Prompt:
Retype, word for word, each line between the lines holding "Coach wallet - Picture 4 of 4" and "Gaby’s Yellow &", inclusive, and leave the rest of the data alone.
== Segment start ==
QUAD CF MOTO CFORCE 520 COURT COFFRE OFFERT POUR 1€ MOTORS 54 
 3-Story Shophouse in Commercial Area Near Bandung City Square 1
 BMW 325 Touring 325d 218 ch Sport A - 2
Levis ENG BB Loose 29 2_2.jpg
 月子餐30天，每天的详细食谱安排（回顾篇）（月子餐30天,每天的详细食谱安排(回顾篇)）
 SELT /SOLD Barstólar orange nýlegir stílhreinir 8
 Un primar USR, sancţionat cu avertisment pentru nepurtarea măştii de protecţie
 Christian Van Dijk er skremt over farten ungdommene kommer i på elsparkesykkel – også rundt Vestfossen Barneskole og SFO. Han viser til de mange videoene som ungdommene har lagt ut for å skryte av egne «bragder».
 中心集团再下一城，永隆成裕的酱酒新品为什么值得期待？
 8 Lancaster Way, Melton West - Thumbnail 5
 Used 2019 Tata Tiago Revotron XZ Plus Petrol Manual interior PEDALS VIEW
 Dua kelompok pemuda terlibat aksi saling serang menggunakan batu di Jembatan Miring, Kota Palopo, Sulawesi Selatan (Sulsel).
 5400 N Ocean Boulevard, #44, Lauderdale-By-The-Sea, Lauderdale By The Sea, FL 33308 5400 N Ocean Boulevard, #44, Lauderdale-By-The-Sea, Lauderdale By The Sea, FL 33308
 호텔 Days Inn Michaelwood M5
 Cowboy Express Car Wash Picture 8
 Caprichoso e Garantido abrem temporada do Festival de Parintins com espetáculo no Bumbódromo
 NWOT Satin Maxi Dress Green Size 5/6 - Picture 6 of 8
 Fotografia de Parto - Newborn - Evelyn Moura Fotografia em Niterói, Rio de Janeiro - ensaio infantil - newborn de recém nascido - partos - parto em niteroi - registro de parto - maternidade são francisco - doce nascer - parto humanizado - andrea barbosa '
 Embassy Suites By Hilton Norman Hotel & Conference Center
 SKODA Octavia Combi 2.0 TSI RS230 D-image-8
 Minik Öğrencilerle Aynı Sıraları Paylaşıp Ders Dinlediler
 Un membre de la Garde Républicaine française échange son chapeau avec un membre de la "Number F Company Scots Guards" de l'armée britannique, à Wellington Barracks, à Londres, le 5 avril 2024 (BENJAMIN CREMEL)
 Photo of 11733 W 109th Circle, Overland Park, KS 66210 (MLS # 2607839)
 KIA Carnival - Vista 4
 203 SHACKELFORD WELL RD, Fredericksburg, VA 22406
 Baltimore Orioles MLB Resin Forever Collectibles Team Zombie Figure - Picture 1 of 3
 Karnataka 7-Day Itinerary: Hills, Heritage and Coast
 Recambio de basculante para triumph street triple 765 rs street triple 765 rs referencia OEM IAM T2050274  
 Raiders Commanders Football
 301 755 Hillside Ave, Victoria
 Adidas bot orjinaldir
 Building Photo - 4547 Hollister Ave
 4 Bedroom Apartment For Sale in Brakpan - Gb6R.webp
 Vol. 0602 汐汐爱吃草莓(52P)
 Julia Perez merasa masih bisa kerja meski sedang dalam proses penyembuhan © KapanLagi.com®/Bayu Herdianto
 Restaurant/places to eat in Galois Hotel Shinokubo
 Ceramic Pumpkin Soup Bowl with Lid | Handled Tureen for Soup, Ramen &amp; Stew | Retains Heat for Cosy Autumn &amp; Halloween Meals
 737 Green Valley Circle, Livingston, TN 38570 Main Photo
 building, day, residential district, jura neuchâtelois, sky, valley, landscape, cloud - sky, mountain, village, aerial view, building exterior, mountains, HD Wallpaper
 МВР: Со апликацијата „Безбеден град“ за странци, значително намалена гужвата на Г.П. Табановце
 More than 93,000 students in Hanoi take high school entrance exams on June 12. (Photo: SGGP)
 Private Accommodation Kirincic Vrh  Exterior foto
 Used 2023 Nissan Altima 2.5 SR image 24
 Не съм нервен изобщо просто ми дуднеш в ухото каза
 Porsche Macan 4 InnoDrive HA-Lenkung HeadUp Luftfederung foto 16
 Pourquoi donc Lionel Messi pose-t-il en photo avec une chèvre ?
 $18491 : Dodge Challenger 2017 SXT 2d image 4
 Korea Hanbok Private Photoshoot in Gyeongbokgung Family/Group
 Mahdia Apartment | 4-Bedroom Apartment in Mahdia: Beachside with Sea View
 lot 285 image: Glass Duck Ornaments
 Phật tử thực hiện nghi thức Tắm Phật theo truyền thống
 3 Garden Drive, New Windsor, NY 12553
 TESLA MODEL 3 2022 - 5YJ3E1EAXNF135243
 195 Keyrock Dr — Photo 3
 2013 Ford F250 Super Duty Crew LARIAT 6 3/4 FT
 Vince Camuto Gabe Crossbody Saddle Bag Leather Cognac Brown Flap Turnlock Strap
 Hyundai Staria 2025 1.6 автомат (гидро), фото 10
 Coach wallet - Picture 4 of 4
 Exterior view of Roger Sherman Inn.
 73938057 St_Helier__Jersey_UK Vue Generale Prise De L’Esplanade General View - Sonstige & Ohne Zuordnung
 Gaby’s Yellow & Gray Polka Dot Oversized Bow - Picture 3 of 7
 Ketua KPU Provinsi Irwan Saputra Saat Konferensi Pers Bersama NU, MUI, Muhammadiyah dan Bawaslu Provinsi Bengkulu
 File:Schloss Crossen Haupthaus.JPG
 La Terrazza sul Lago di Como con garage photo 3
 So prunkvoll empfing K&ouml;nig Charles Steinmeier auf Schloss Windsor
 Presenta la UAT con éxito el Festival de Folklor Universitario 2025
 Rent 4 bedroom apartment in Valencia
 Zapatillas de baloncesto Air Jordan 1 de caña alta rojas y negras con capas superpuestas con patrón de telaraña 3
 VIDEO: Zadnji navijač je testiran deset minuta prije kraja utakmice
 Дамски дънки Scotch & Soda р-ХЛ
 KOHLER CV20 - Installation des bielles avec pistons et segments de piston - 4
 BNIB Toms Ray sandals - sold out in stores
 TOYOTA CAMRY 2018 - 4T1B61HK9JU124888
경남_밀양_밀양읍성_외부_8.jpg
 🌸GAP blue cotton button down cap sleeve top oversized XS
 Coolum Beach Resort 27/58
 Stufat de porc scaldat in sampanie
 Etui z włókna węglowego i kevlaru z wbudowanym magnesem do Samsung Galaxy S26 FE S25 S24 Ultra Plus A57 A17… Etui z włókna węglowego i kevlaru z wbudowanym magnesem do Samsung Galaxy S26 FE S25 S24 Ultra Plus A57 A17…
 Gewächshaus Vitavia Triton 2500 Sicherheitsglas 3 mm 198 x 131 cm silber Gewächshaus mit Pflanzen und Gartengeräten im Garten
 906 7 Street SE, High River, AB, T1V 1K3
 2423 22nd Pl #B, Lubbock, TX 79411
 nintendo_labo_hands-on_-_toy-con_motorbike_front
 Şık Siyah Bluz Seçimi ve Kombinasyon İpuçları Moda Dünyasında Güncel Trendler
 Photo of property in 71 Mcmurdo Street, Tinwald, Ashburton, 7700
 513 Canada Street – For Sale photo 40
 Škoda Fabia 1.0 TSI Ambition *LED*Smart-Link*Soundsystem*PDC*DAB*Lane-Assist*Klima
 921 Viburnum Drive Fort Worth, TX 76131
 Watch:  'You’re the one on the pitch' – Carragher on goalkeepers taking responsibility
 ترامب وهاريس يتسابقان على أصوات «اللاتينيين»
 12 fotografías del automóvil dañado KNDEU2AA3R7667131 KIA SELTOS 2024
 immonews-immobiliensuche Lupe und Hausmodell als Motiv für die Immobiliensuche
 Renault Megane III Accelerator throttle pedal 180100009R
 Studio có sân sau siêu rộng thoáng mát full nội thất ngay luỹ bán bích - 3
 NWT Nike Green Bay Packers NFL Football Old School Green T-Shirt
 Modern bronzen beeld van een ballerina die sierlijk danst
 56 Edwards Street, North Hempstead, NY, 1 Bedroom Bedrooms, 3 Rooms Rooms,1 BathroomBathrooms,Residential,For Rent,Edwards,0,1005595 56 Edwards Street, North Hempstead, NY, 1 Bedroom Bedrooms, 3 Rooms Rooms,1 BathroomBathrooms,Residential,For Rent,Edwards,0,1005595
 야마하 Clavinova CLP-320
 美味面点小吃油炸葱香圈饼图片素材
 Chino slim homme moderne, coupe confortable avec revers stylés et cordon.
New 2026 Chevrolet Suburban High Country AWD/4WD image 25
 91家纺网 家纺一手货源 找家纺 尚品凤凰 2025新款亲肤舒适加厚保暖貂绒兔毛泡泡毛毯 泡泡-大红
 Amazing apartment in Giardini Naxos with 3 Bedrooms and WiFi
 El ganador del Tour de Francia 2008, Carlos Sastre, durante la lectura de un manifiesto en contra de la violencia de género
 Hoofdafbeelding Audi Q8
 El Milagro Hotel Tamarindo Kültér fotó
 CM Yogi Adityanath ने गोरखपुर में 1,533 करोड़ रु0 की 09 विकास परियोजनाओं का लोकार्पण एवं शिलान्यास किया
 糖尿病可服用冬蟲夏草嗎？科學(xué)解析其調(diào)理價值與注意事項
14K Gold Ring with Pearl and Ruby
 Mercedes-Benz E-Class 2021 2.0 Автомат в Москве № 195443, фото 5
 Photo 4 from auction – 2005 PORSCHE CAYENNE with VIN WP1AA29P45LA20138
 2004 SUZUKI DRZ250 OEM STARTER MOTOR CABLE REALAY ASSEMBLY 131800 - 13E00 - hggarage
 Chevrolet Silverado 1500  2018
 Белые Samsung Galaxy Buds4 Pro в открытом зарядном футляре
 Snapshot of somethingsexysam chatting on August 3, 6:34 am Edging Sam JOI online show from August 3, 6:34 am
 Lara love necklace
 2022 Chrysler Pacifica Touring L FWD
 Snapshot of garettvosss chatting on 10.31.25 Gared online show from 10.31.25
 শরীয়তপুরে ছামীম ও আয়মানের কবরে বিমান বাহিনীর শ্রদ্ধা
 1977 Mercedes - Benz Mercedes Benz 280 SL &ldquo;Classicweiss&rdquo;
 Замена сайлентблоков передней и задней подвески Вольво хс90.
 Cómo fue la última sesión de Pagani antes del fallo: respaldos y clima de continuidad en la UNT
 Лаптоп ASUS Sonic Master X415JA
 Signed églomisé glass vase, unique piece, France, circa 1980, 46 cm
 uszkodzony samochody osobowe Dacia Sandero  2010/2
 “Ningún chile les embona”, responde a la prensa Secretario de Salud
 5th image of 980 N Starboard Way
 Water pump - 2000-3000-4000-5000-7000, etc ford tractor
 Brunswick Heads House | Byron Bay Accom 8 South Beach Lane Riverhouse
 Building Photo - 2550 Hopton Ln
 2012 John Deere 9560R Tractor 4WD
== Segment end ==
Exercise output:
 Coach wallet - Picture 4 of 4
 Exterior view of Roger Sherman Inn.
 73938057 St_Helier__Jersey_UK Vue Generale Prise De L’Esplanade General View - Sonstige & Ohne Zuordnung
 Gaby’s Yellow & Gray Polka Dot Oversized Bow - Picture 3 of 7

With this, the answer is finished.